Collection entries -
*** Begin section ***

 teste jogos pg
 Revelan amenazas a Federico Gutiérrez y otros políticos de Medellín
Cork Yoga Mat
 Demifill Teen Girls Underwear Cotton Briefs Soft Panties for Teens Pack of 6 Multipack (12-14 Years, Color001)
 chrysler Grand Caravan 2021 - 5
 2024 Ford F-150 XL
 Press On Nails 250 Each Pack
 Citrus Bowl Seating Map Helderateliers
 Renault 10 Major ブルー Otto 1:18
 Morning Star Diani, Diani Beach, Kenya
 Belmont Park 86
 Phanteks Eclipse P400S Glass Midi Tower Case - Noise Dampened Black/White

*** End section ***
*** Begin section ***

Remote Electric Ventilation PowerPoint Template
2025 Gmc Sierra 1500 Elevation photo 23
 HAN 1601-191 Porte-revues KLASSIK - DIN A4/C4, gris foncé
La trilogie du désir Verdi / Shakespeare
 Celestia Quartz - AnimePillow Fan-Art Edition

*** End section ***
*** Begin section ***

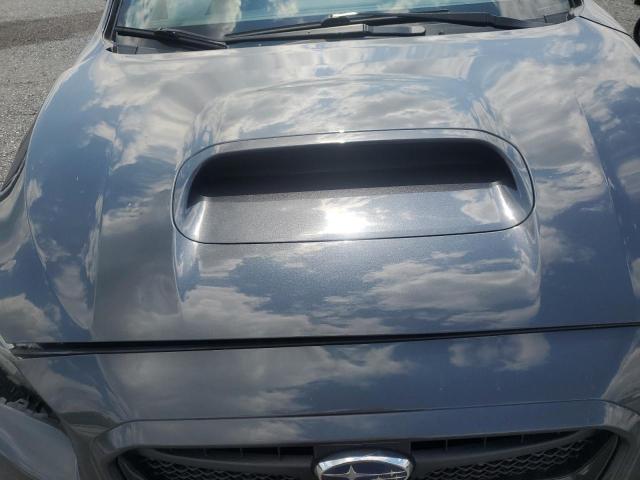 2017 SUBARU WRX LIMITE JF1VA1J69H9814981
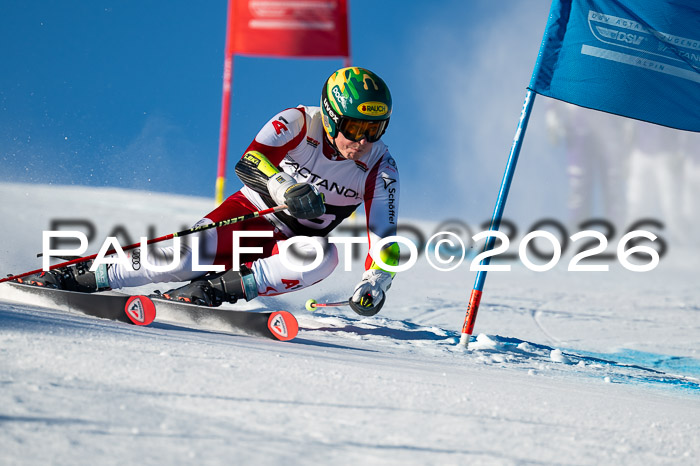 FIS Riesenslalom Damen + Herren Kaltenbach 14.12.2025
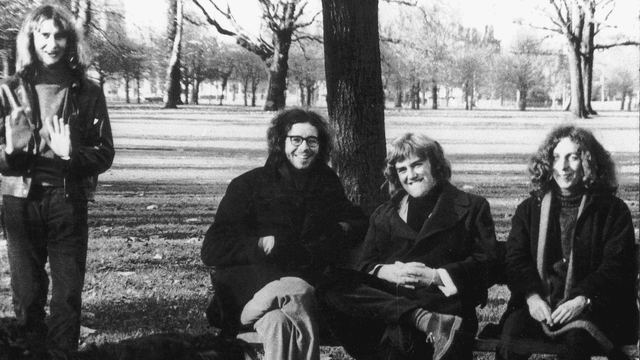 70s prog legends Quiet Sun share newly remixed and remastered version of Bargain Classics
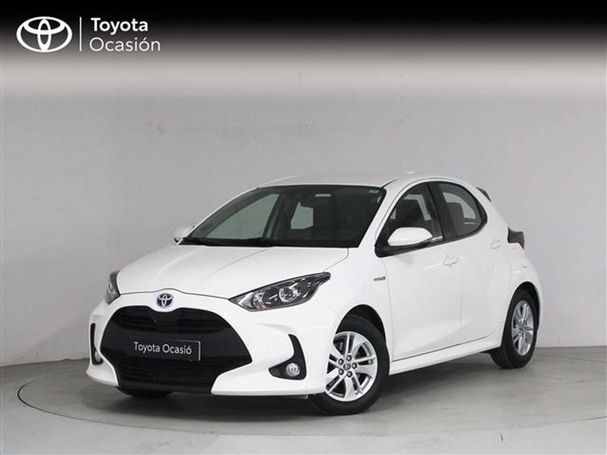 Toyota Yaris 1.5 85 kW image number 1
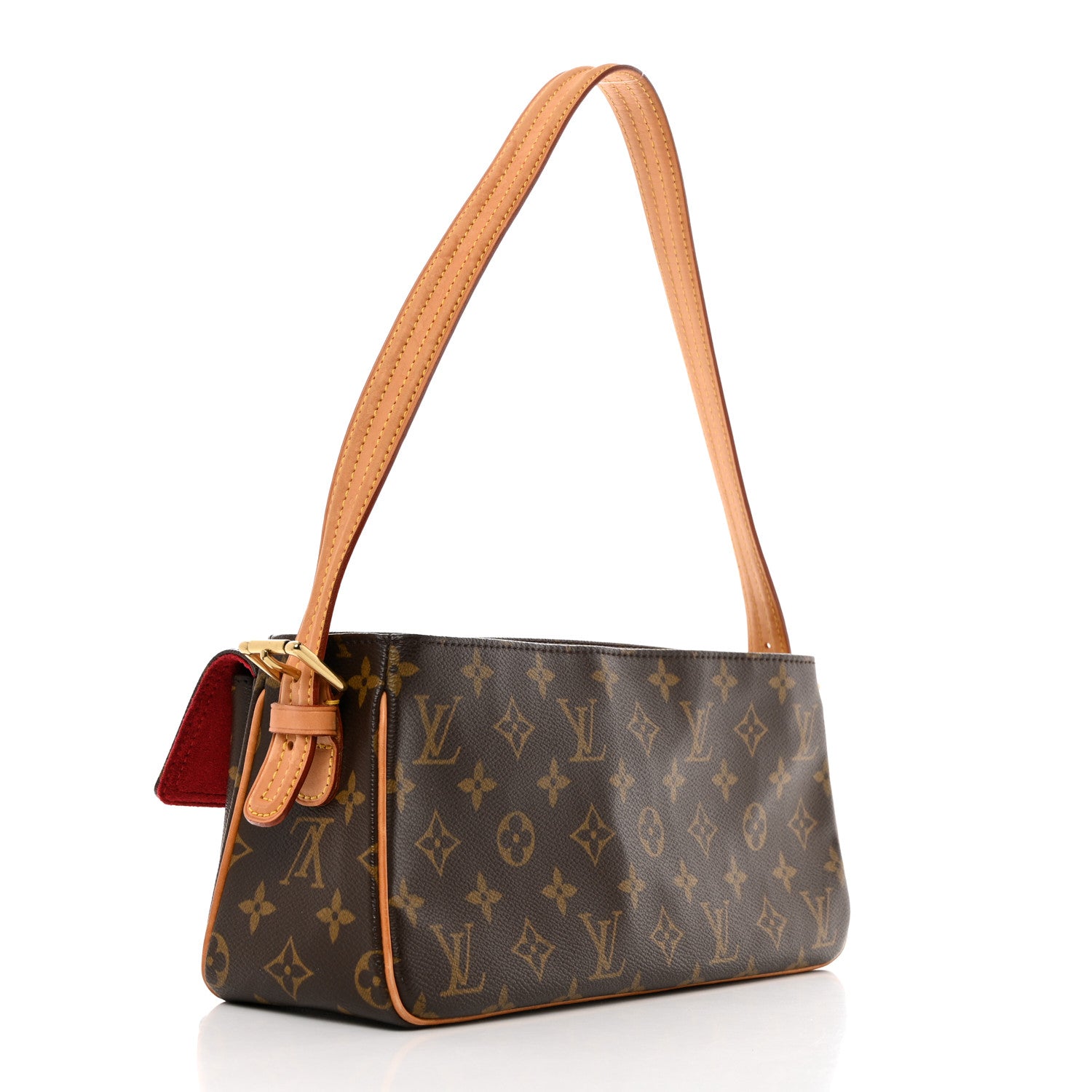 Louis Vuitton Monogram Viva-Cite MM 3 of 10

*** End section ***

Work instructions - All that is wanted is the stretch of lines above from the one containing "teste jogos pg" through the one containing "Phanteks Eclipse P400S", duplicated exactly.

Reply -
 teste jogos pg
 Revelan amenazas a Federico Gutiérrez y otros políticos de Medellín
Cork Yoga Mat
 Demifill Teen Girls Underwear Cotton Briefs Soft Panties for Teens Pack of 6 Multipack (12-14 Years, Color001)
 chrysler Grand Caravan 2021 - 5
 2024 Ford F-150 XL
 Press On Nails 250 Each Pack
 Citrus Bowl Seating Map Helderateliers
 Renault 10 Major ブルー Otto 1:18
 Morning Star Diani, Diani Beach, Kenya
 Belmont Park 86
 Phanteks Eclipse P400S Glass Midi Tower Case - Noise Dampened Black/White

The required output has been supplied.